◆ **RECORDS SHOWN**
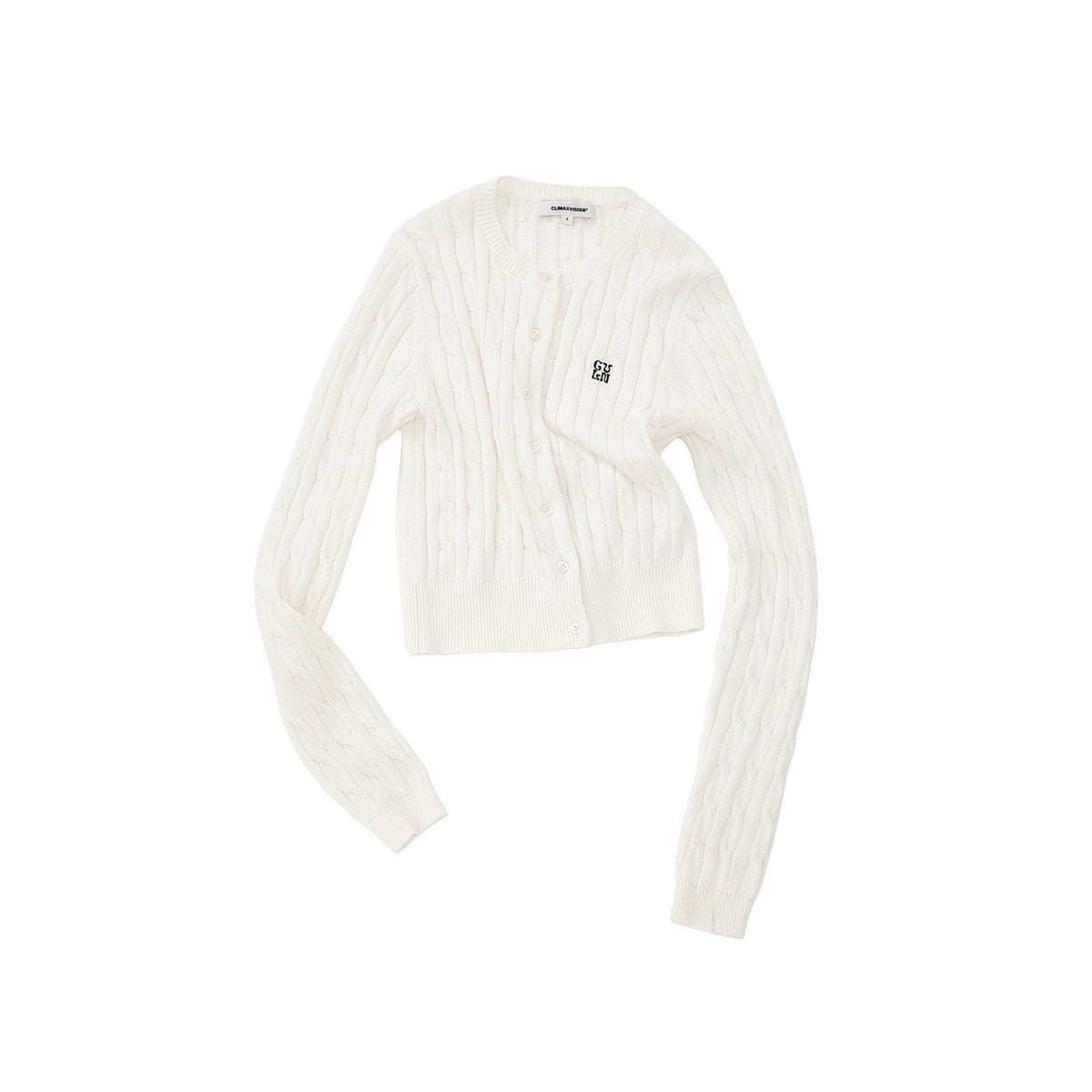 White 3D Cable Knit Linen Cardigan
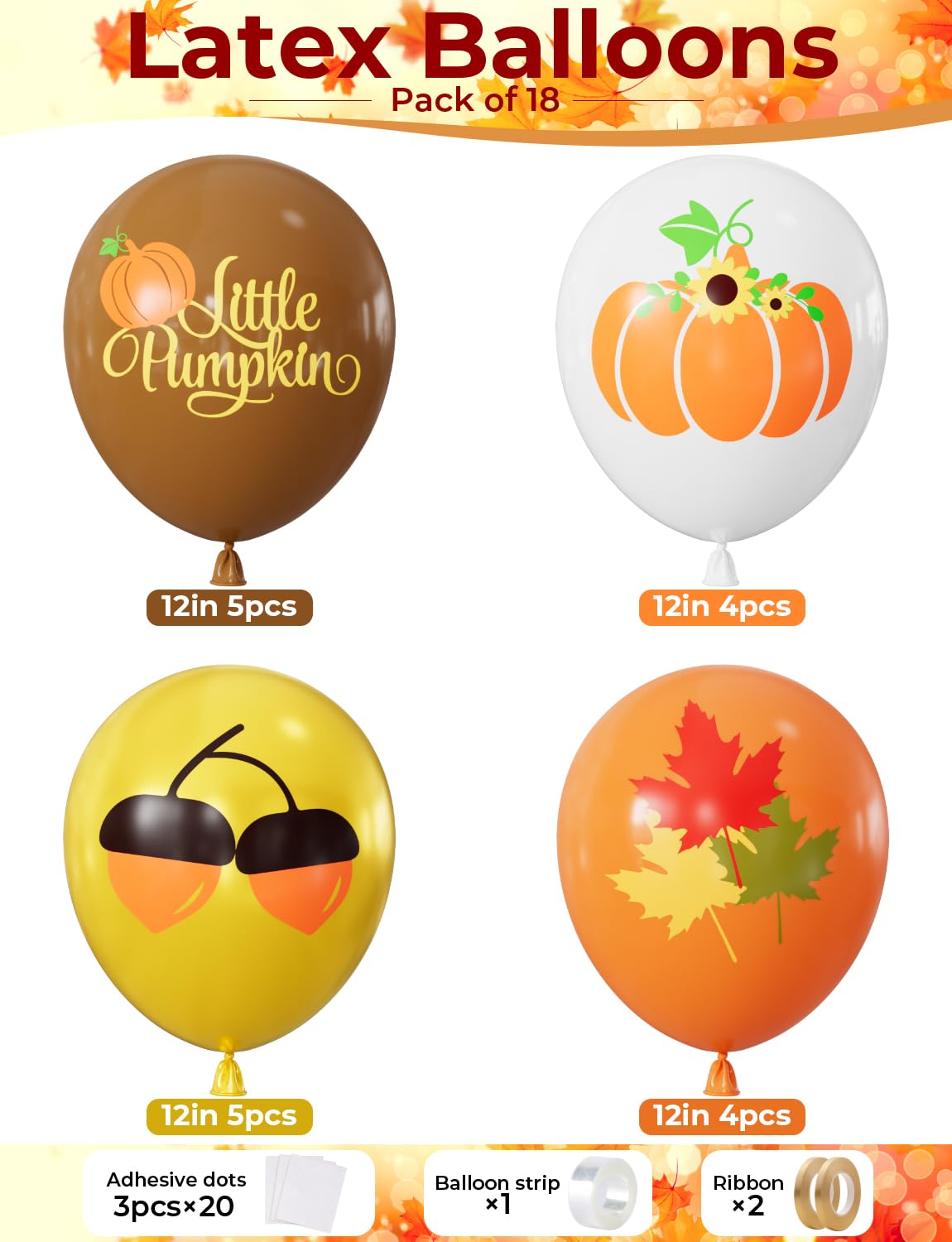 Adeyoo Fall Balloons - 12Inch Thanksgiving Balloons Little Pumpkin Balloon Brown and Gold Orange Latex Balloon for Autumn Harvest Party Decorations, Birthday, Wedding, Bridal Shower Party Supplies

--

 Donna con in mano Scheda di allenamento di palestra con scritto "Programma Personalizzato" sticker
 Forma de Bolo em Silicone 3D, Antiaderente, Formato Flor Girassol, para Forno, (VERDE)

==

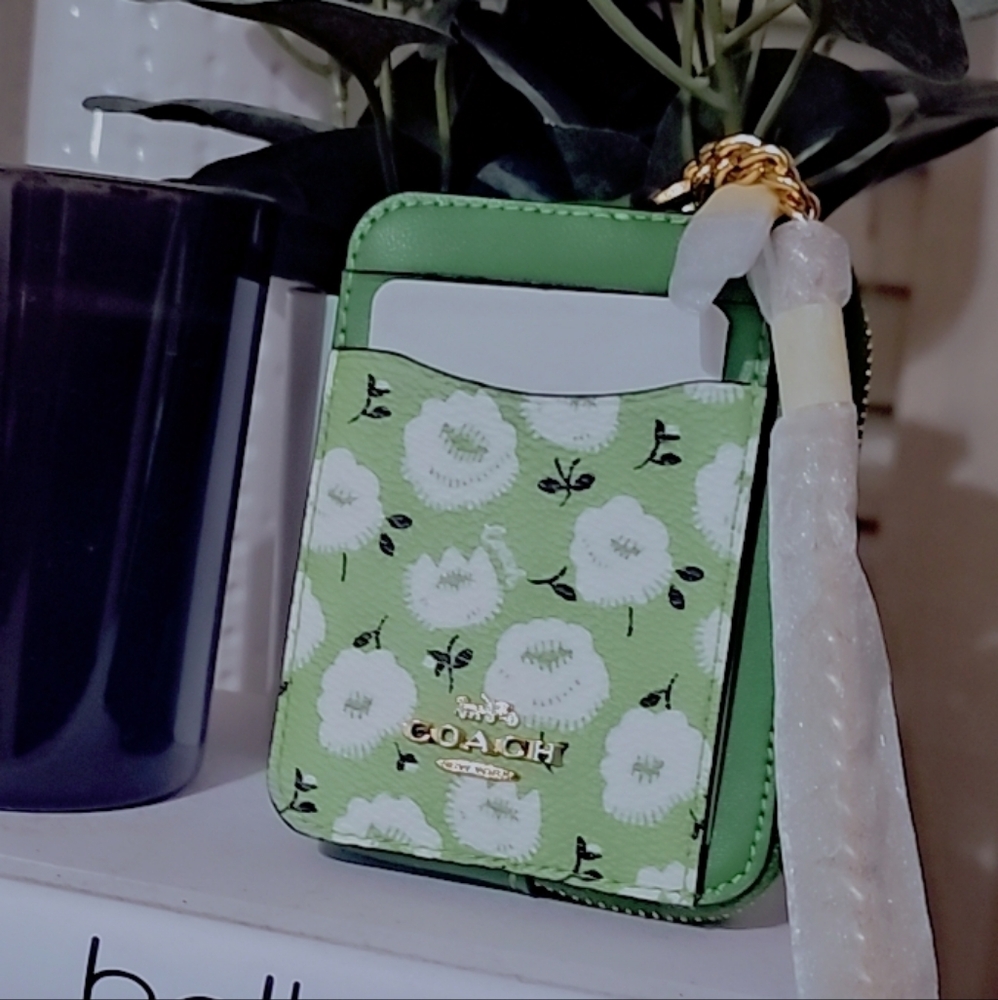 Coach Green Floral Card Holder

◆ **WHAT IS REQUIRED**
Retype the records above, but only those lines that fall between the line containing "Donna con in" and the line containing "Forma de Bolo", with both of those lines included, exactly as written.

◆ **SOLUTION**
 Donna con in mano Scheda di allenamento di palestra con scritto "Programma Personalizzato" sticker
 Forma de Bolo em Silicone 3D, Antiaderente, Formato Flor Girassol, para Forno, (VERDE)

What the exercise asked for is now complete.